映画『スパイダーヘッド』で行われている実験は、あるシチュエーションに被験者を置き、薬を投与することによって生理反応を起こし、その場にある物や人を見てどんな行動を起こすかを観察しています。そういう意味では、「生理反応、感情体験、認知評価」すべての観点で実験を行っているといえます。
『スパイダーヘッド』に登場する研究者スティーヴ(クリス・ヘムズワース)はこの研究によって薬を開発しようとしていますが、薬で人間の感情はどの程度操作できるのでしょうか?
感情にまつわる生理反応には、神経化学物質が関与しています。例えば、セロトニンの低下は、強い怒り、それに伴う暴力、ドーパミンは快感情に関連性があるといわれています。このように神経化学物質は、感情体験と強い関連がありますが、「特定の感情の喚起にのみ効果をもたらすものではない」とされています。(心理学検定局, 2009, pp.140-141)
『スパイダーヘッド』の中で、被験者が投与される薬は何が配合されているのかわかりません。ただ、どんな薬であれ、神経化学物質の生成や放出を多少コントロールできたとしても、現実的には完全に人間の感情を制御する薬を作るのは難しいといえるでしょう。

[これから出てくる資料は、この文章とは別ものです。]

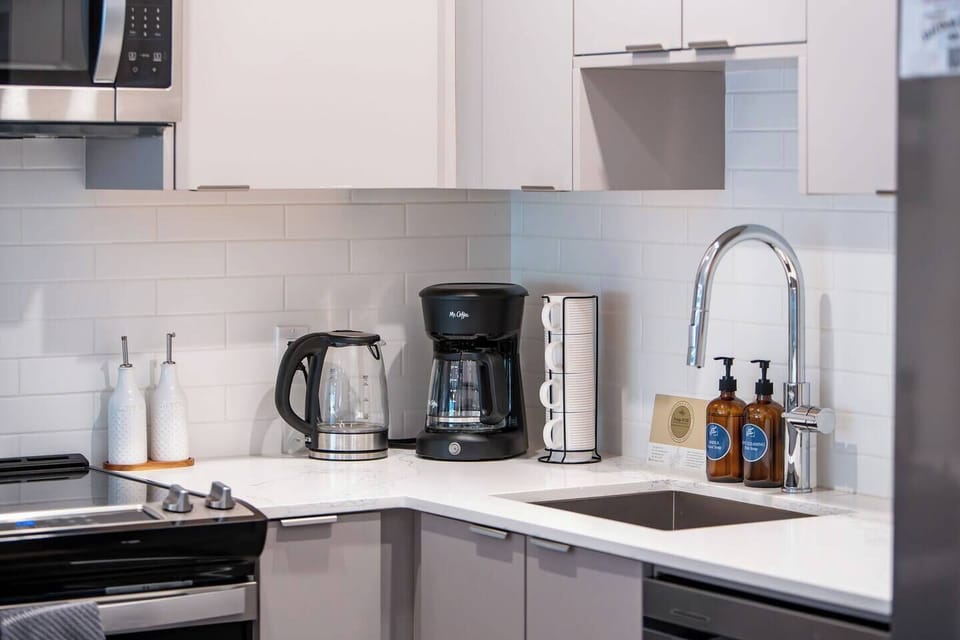 Kitchen stocked with coffee, tea, and essentials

だから、映画『スパイダーヘッド』で行われている実験は不可能に挑戦しているという意味ではリアルといえるでしょう。でも、チャンネルを変えるように投与する薬によって人間の感情をコロコロ変えるようなことはできません。そんな薬はできっこないからこそドラマチックなストーリーになっているといえます。
<参考・引用文献>
日本心理学諸学会連合 心理学検定局(2009)「心理学検定 基本キーワード[改訂版]」実務教育出版
『スパイダーヘッド』
2022年6月17日よりNetflixにて独占配信中
「感情を制御する薬なんて作ってどうするんだ?」と思いますが、その点が研究者スティーヴのパーソナリティとも関わってきておもしろいです。